WHAT THE TASK ASKS ▸
In the listing beneath this line, copy exactly the lines starting with the one containing "In this video, I'm" and going on through the one containing "Now try to log".

RECORD EXTRACTS ▸
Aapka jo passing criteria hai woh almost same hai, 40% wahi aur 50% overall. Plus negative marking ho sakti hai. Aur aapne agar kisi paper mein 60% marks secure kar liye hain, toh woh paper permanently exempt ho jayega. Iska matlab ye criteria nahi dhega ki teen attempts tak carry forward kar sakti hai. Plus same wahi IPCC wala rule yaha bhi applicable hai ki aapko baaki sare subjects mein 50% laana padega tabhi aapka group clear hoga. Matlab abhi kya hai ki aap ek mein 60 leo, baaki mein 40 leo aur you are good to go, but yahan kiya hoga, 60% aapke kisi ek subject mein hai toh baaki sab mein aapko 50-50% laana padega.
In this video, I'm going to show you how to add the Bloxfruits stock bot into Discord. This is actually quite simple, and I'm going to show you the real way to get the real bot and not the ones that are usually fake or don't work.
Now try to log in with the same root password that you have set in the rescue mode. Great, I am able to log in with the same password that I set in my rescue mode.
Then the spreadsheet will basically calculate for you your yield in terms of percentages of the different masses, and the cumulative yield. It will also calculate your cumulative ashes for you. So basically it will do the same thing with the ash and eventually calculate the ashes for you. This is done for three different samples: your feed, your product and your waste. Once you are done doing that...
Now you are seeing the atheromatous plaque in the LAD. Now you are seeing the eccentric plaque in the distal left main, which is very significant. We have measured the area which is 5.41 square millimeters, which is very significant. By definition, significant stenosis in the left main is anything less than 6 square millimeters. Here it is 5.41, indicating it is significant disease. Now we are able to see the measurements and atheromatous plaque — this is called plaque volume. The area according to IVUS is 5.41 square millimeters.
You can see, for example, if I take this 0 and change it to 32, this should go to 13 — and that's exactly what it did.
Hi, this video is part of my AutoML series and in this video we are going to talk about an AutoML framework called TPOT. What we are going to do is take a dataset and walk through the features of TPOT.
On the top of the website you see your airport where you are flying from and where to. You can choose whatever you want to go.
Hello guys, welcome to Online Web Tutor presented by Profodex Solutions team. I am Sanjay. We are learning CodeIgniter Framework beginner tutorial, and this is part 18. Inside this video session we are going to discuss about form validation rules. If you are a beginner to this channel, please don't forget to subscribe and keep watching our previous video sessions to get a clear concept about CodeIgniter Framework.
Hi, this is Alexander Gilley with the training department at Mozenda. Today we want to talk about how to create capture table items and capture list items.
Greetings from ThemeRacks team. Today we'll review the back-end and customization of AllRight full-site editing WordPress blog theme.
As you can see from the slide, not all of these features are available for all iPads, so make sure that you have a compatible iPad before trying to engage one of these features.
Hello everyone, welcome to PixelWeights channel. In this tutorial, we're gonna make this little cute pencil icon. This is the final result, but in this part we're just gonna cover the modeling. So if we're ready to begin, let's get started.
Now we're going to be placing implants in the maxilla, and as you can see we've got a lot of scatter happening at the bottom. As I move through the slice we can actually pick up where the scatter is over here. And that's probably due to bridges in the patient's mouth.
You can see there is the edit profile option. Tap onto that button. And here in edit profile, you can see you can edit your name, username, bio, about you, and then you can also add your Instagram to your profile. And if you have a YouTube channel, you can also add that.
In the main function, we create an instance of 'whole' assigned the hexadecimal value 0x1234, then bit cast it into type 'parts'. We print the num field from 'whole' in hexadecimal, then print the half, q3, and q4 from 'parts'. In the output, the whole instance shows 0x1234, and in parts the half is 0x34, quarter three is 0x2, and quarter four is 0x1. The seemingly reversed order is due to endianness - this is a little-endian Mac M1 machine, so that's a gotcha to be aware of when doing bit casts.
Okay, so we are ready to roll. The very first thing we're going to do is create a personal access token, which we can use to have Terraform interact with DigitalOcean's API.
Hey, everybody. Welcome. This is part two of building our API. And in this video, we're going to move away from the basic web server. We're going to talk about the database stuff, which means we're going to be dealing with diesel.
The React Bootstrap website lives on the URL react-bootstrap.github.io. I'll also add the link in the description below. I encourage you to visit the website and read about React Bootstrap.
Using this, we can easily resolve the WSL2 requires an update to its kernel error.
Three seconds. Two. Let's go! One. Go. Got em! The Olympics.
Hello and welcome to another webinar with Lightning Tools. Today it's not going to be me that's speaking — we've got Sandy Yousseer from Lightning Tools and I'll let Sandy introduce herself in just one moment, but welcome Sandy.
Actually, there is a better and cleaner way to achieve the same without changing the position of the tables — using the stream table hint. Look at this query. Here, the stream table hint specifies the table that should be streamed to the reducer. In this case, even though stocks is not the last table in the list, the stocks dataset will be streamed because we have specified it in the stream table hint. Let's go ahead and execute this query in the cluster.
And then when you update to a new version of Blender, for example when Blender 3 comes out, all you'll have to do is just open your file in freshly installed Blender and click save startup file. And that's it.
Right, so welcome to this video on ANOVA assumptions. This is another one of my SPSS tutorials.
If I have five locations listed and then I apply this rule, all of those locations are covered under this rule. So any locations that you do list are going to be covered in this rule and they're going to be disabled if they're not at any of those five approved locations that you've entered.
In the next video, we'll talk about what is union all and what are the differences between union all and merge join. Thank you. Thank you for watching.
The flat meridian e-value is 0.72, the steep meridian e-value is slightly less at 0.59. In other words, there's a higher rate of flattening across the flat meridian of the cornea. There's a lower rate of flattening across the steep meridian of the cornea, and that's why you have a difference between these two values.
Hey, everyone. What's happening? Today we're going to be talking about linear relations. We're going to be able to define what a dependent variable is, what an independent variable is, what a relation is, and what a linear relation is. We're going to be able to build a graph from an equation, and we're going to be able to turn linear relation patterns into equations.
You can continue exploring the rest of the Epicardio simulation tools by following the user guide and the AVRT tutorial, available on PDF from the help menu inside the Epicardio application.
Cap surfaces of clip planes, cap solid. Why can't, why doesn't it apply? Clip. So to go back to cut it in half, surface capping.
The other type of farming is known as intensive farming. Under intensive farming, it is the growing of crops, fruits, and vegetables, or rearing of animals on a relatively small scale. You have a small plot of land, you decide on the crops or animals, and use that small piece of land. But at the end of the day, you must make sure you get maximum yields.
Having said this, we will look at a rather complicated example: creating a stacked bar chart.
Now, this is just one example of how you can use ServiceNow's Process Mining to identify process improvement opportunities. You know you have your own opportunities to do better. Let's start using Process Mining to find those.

PROBLEM SOLUTION ▸
In this video, I'm going to show you how to add the Bloxfruits stock bot into Discord. This is actually quite simple, and I'm going to show you the real way to get the real bot and not the ones that are usually fake or don't work.
Now try to log in with the same root password that you have set in the rescue mode. Great, I am able to log in with the same password that I set in my rescue mode.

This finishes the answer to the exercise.